Para quienes lo conocimos hace poco, es algo ya sabido: Jake Arnott, a pesar de su ascendencia british, no juega a la novela policial lógica, o de guante blanco, como la llaman algunos teóricos. Arnott coquetea con la novela negra norteamericana, sin caer en el estilo hard-boiled clásico, sino que fuerza su lenguaje hacia el argot inglés de los bajos fondos londinenses: el cockney. Y por otro lado, lo que Crímenes de película tiene de negro es más que nada el adjetivo en su forma francesa: noir. Las tres novelas de Arnott publicadas en español hasta la fecha, en la colección Roja & Negra, que dirige Rodrigo Fresán, tienen una deuda financiada con la novela francesa del siglo XIX, más estrictamente con La Comedia Humana de Balzac. Esto es: si en Delitos a largo plazo Arnott se ocupaba de los sesenta con sus trajes de tweed, sombreros, y el auge de las ametralladoras Uzi, y Canciones de sangre se metía de prepo en la Inglaterra punk de los ochenta pre Margaret Thatcher, Crímenes de película abraza las drogas sintéticas, las fiestas rave y las especulaciones inmobiliarias que caracterizaron los noventa.
La prensa de policiales ya no informa sobre crímenes sino que los crímenes son noticia de farándula y sus hacedores verdaderas estrellas que anhelan cartel. La violencia no es tabú (¿cuándo lo fue?) sino caldo de cultivo para la creación de entretenimiento massmediático; y así es como se gana la vida Tony Meehan, quien trata de contener su instinto mafioso escribiendo sobre otros mafiosos para una editorial que vive de “historias de mafiosos reales”. Jake Arnott levanta la arquitectura de su novela como si fuera una miniserie compuesta de distintos capítulos; vuelve a retomar la fórmula de su primera novela, y las historias se entrecruzan entre sí: Julie McClusky indaga en su pasado para saber qué fue lo que pasó con su padre, mientras su novio Jez, un joven de clase media alta que quiere escribir un guión de cine, mete sus narices en el tráfico de drogas. Por otro lado, Gaz acaba de salir de la cárcel otra vez, y mientras vemos su devenir dentro de la mafia inglesa aliada a un grupo de skinheads que aman el ska e idolatran la banda en donde canta un negro, y vemos, también, la forma que tomó esa autopista llamada “tráfico de drogas”, intenta vender su historia, hasta que en una gran fiesta muere una chica intoxicada, y la cosa, obviamente, se complica.
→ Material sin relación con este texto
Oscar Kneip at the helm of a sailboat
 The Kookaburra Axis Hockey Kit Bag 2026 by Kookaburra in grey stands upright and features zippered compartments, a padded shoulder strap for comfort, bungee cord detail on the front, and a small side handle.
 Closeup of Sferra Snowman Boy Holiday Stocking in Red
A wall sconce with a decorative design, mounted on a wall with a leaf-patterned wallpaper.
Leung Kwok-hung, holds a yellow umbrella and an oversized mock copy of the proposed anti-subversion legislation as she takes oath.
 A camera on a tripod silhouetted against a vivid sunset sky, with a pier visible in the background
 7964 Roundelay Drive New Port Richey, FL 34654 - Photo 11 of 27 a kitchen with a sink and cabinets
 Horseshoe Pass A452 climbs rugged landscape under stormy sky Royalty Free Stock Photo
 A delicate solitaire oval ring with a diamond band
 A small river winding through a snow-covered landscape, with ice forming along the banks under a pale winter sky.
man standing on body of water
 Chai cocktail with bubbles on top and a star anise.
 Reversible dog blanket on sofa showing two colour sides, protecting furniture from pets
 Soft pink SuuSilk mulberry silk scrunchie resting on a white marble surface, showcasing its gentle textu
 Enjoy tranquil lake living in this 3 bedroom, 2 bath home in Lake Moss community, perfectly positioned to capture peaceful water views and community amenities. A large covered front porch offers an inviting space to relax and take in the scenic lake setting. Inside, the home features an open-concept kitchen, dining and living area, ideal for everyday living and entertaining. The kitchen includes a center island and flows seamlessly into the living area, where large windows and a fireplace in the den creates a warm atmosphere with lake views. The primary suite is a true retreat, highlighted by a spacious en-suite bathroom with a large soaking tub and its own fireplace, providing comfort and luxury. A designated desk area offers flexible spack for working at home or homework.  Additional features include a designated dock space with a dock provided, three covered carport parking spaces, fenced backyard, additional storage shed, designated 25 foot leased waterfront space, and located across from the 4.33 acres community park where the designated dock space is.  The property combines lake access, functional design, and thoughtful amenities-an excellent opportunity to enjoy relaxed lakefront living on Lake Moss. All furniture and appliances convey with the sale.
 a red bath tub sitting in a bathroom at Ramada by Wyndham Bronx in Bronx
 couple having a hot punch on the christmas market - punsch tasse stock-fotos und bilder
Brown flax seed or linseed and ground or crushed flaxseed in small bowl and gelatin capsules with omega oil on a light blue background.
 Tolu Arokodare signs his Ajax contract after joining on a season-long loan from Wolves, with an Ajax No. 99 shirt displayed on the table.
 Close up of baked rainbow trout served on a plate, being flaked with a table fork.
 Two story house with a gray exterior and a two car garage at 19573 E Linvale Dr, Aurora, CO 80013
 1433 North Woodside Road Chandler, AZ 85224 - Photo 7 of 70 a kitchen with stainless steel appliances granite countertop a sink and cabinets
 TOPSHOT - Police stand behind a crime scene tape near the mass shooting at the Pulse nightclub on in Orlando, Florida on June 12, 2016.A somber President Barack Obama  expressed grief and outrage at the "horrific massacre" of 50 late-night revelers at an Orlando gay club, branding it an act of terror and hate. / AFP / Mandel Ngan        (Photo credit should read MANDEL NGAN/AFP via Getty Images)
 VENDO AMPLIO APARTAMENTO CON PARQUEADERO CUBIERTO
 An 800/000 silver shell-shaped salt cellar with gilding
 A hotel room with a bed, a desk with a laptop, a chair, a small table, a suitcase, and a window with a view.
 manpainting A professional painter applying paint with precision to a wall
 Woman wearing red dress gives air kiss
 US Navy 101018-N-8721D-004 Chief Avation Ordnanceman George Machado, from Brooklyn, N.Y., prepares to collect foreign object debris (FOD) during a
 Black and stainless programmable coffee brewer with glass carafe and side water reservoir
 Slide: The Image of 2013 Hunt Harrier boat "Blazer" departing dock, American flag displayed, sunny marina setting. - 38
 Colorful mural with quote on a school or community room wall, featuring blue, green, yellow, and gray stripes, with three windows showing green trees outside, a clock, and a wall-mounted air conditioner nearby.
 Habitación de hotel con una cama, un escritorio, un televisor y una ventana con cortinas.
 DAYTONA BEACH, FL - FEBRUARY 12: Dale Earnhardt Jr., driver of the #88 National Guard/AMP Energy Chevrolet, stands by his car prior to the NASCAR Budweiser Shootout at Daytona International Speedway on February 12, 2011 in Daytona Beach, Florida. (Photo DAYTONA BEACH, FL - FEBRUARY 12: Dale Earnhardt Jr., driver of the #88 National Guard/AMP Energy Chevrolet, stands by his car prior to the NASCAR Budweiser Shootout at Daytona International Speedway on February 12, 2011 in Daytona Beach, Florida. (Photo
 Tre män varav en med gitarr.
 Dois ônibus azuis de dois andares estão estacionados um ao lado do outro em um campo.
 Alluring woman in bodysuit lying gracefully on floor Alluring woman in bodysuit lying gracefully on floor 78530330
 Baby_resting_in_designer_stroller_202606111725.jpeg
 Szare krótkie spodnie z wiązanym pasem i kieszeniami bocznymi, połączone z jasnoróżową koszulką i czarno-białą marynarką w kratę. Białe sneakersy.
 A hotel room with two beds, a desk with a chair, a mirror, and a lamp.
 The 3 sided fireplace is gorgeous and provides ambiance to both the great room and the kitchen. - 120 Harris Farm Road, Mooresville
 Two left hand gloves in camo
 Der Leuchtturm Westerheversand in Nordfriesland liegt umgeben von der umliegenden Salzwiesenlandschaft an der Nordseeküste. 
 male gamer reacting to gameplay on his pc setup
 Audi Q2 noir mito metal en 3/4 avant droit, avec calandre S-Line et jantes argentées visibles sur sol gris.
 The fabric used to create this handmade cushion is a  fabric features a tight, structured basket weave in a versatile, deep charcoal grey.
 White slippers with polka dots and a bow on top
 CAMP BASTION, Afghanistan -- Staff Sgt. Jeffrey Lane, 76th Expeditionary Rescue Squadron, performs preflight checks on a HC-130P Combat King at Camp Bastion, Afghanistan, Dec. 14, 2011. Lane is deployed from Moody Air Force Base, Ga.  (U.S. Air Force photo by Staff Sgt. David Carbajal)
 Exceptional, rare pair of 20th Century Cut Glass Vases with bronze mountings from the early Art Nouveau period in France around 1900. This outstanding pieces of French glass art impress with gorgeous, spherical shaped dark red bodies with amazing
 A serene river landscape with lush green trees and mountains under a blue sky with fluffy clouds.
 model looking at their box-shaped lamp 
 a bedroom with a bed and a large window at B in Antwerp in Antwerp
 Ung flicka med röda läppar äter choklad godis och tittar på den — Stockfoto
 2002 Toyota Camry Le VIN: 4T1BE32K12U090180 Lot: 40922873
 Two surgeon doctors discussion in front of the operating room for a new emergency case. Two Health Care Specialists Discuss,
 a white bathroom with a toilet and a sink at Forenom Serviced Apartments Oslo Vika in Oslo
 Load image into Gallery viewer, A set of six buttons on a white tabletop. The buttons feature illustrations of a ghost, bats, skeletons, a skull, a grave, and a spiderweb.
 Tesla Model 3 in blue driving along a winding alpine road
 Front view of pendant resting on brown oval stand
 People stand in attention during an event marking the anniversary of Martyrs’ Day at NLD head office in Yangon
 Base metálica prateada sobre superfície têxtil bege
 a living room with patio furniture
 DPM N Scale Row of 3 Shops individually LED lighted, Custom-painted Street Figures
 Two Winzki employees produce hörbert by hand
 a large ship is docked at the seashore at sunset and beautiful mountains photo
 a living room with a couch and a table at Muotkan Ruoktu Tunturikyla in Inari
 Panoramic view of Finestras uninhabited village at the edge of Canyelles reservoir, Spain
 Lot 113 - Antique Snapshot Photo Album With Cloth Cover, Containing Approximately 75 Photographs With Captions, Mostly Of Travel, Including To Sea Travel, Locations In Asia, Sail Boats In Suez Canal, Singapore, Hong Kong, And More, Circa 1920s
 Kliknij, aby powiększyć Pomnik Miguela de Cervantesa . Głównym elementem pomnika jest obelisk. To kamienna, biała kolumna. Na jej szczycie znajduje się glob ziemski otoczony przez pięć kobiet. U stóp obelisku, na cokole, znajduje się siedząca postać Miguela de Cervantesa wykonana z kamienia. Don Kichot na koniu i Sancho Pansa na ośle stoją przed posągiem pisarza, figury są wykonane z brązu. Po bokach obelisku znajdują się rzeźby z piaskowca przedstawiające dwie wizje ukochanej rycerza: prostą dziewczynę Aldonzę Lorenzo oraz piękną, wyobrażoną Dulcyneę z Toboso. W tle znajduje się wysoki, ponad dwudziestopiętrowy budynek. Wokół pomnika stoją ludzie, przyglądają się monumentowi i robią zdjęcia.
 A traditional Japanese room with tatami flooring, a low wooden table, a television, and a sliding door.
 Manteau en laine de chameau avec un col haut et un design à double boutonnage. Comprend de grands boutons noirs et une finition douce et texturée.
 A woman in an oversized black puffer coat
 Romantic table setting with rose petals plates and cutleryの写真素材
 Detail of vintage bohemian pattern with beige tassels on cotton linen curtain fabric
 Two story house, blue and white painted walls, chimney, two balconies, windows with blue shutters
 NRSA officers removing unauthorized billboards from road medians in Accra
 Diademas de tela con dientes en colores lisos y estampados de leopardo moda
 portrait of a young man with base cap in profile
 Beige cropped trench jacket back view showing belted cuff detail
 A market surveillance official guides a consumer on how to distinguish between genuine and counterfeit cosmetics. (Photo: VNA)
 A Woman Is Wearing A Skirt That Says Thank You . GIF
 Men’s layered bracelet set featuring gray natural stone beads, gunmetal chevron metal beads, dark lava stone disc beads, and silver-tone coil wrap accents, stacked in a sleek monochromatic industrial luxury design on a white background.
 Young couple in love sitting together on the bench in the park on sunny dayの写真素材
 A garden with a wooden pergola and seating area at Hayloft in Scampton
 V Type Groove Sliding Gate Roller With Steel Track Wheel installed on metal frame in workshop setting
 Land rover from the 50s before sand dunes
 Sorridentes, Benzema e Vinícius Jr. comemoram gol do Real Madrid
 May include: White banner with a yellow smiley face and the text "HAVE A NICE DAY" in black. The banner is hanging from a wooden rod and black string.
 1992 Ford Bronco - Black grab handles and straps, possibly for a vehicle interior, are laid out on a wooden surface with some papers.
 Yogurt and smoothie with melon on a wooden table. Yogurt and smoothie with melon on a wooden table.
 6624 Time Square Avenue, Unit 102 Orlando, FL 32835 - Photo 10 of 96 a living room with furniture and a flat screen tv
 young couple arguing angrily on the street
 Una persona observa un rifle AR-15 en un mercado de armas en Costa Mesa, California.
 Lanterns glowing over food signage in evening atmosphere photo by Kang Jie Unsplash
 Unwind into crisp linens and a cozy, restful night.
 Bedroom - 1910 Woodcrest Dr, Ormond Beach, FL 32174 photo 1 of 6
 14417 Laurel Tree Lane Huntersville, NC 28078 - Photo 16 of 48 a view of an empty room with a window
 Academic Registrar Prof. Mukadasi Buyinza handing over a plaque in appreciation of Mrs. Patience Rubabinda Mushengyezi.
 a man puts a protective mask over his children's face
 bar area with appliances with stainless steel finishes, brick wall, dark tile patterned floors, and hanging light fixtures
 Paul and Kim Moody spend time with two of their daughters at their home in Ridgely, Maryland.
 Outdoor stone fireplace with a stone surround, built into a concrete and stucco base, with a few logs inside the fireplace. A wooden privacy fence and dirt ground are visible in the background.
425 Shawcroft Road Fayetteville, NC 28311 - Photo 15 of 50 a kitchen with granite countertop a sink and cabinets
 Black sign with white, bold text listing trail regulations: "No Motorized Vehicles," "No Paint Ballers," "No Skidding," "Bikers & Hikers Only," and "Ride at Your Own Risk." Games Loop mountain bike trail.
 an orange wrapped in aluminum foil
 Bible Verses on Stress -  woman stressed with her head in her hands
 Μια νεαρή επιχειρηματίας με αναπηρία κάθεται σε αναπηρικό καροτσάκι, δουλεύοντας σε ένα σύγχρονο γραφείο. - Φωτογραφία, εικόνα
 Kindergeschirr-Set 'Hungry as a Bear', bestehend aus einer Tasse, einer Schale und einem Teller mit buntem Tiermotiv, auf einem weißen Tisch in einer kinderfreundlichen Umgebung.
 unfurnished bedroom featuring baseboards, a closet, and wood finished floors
Entre toda esta maraña de personajes e historias cruzadas, reaparece una vez más Harry Starks para aclarar un poco los tantos, y cerrar finalmente la trilogía que catapultó a su autor a la fama, bajo la premisa de que no existe tal cosa como un fuera de la ley, que la mafia es una servicio de oficinas funcionando como una empresa a toda máquina, y que bajo el sistema capitalista imperante, la rehabilitación es poco probable porque de por sí es excluyente en su profesionalización del trabajo; salvo que se abra un servicio de jubilación sin aportes previos para aquellos que ejercieron el oficio de mafioso durante tanto tiempo, o bien, que se conviertan en estrellas de cine.